Appeal from a judgment of the Supreme Court, Erie County (John F. O’Donnell, J.), rendered March 1, 2006. The judgment convicted defendant, after a nonjury trial, of menacing in the second degree, stalking in the fourth degree, and aggravated harassment in the second degree.
It is hereby ordered that the judgment so appealed from be and the same hereby is unanimously affirmed and the matter is remitted to Supreme Court, Erie County, for proceedings pursuant to CPL 460.50 (5).
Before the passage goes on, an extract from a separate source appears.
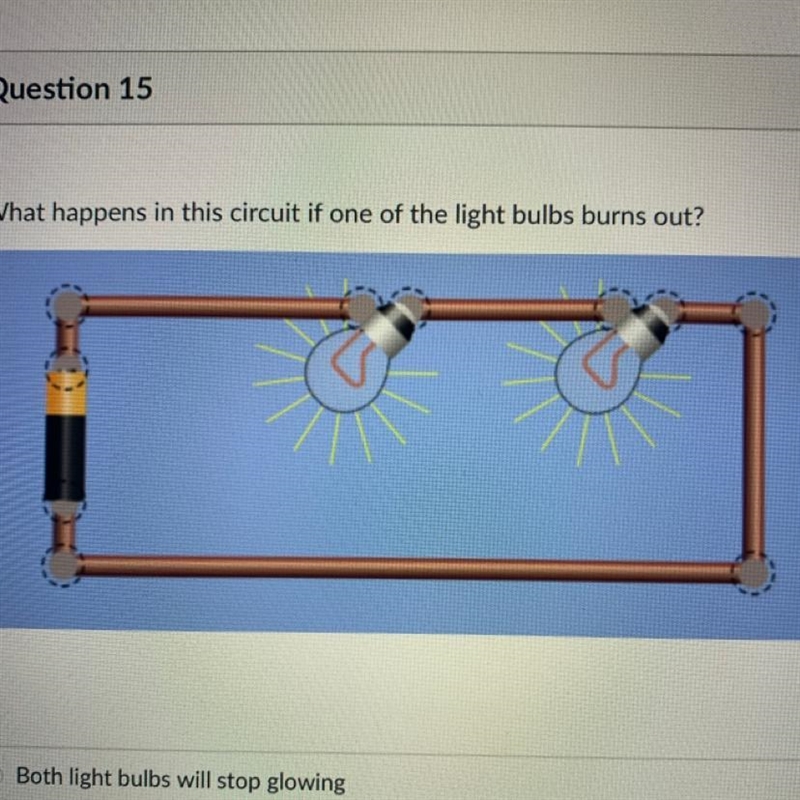 What happens in this circuit if one of the light bulb burns out? 1. Both light bulbs-example-1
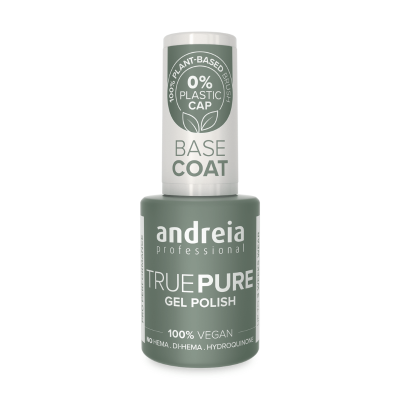 Frasco de verniz de gel verde com tampa branca da marca andreia professional.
Defendant appeals from a judgment convicting him after a nonjury trial of menacing in the second degree (Penal Law § 120.14 [2]), stalking in the fourth degree (§ 120.45 [2]), and aggravated harassment in the second degree (§ 240.30 [2]). Defendant made only a general motion to dismiss and thus failed to preserve for our review his contentions concerning the alleged legal insufficiency of the evidence (see People v Gray, 86 NY2d 10, 19 [1995]). In any event, the evidence, viewed in the light most favorable to the prosecution (see People v Contes, 60 NY2d 620, 621 [1983]), is legally sufficient to support the conviction (see generally People v Bleakley, 69 NY2d 490, 495 [1987]). Contrary to defendant’s further contention, the sentence is not unduly harsh or severe. Present—Scudder, EJ., Smith, Centra, Fahey and Pine, JJ.